AMMA pays its respects to three resource industry visionaries after the recent passing of former AMMA president and Robe River pioneer Charles Copeman, Woodside Petroleum founder Geoff Donaldson and highly respected Tasmanian businessman Byron Bonney of Bonney Group.
All three men passed away in recent weeks and were highly revered among Australia’s business community for their contributions to our national resource sector.
Charles Copeman was president of AMMA’s board from 1982-1985 while the head of Consolidated Gold Fields Group, but it was in 1986 when his impact on Australian industrial relations was cemented in history due to his principal role in the Robe River dispute.
As CEO of Australian iron ore miner Peko-Wallsend, Mr Copeman sought to remove restrictive workplace practices, wind-back union influence and create greater productivity and profitability at the newly-acquired Robe River site.
The ensuing industrial action at the behest of the site’s powerful unions eventually forced Mr Copeman to sack the entire 1000-strong workforce. Resisting pressure from the Hawke Government and orders from the WA Industrial Relations Commission to reinstate the employees, he later shut down the mine until the unions put forth a commercially acceptable compromise.
The Peko-Wallsend boss eventually reinstated its workers and reopened the mine, but only after achieving key concessions and effectively ending the union dominance of the Pilbara’s resource industry.
The Robe River case has since been viewed as a watershed moment in Australia’s IR history and Mr Copeman a courageous and steadfast industry leader of uncompromised principles.

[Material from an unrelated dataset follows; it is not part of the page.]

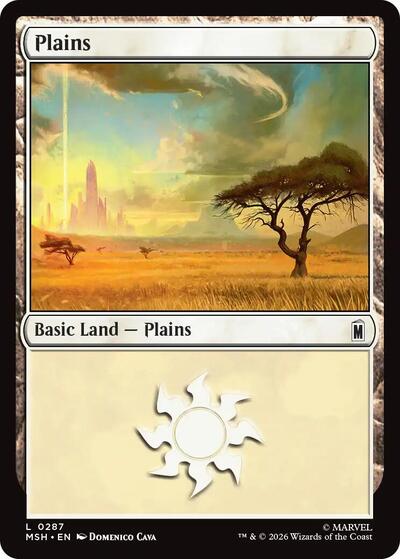 Plains (0287) (Marvel Super Heroes) Light Play
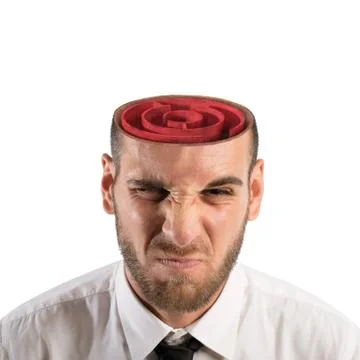 Mind labyrinth 库存照片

Also in 1986, he was one of the founders of progressive industrial relations organisation the HR Nicholls Society and a medal continues to be awarded by the organisation in his honour. Mr Copeland passed on 27 June 2013.
Woodside founder Geoff Donaldson passed on 3 July 2013 and will be widely remembered as an oil and gas industry pioneer who kept the company afloat in its early years.
In 1954, Mr Donaldson underwrote the company’s first share issue before commencing a 28-year chairmanship with Woodside until his retirement in 1984.
With a donation of £5000 in 1959, he supported Woodside through to its procurement of permits for 367,000 square kilometres off the coast of Western Australia in the 1960s. Fifty years later, the area is home to Woodside’s $27bn North West Shelf Project, accounting for more than 40% of Australia’s current oil and gas production.
Speaking to News Corp website Perth Now after Mr Donaldson’s passing, current Woodside CEO Peter Coleman said the company founder was a ‘business legend’.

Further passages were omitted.